US Vice President Mike Pence’s promises Wednesday of better aid for persecuted Christians and others in the Middle East has drawn praise from Supreme Knight Carl Anderson of the Knights of Columbus.
Pence addressed In Defense of Christians’ annual Solidarity Dinner for Christians in the Middle East Oct. 25. The vice president said groups such as the Islamic State have singled out Christians for persecution. He noted that Christianity could disappear from some parts of the Middle East.
“Let me assure you tonight, President Trump and I see these crimes for what they are — vile acts of persecution animated by hatred for Christians and the Gospel of Christ,” said Pence.
Pence said that President Donald Trump has told the State Department to stop funding “ineffective” U.N. relief efforts.
“Our fellow Christians and all who are persecuted in the Middle East should not have to rely on multinational institutions when America can help them directly,” he said. Instead, the U.S. will provide humanitarian assistance through the U.S. Agency for International Development, faith-based groups, and private organizations “to help those who are persecuted for their faith.” “This is the moment, now is the time, and America will support these people in their hour of need,” the vice president said.
Pence charged that the U.N. has often failed to help “the most vulnerable communities, especially religious minorities” and has repeatedly denied funding to faith-based groups with “proven track records.” “We will no longer rely on the United Nations alone to assist persecuted Christians and minorities in the wake of genocide and the atrocities of terrorist groups,” he said.
Commenting on Pence's speech, Anderson noted that “A year ago the United States used the right word to describe what was happening to Christians and other religious minorities in the Middle East. That word was genocide,” said Anderson, referring to a March 2016 State Department declaration. For Anderson, Pence’s speech meant “those words were put into action.”
“The Knights of Columbus applauds Vice President Mike Pence’s announcement that the Trump administration will begin providing aid directly to religious minority groups impacted by ISIS’ genocide,” he said.
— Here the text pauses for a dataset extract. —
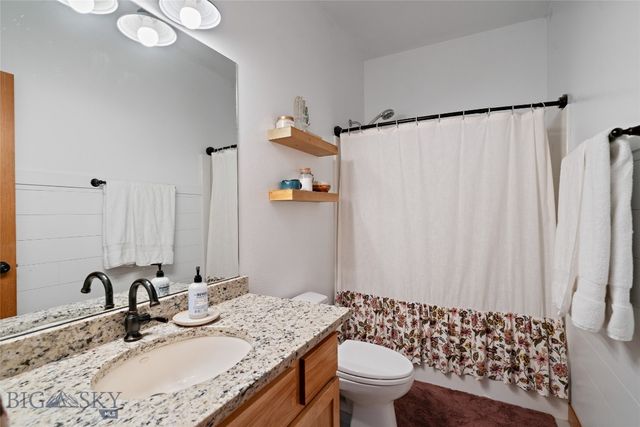 16 Harvester Lane, Belgrade, MT 59714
Anderson said a lack of aid to Christians and other religious minorities has been a major problem.
“For almost two years, the Knights of Columbus has warned that Christians and other religious minorities in the Middle East have been falling through the cracks in the aid system, and has been urging the United States government to provide aid directly to genocide-targeted communities,” he said. “We are pleased that tonight, the administration has promised to do just that.”
In 2014 the Catholic fraternal organization launched a Christian Refugee Relief Fund that has given more than $13 million in humanitarian assistance, largely in Iraq, Syria, and nearby countries. The group was among those documenting Islamic State group atrocities and advocating on behalf of Middle East Christians and other minorities.
According to Anderson, the impact of Pence’s announcement on the survival of threatened minority communities “cannot be underestimated.”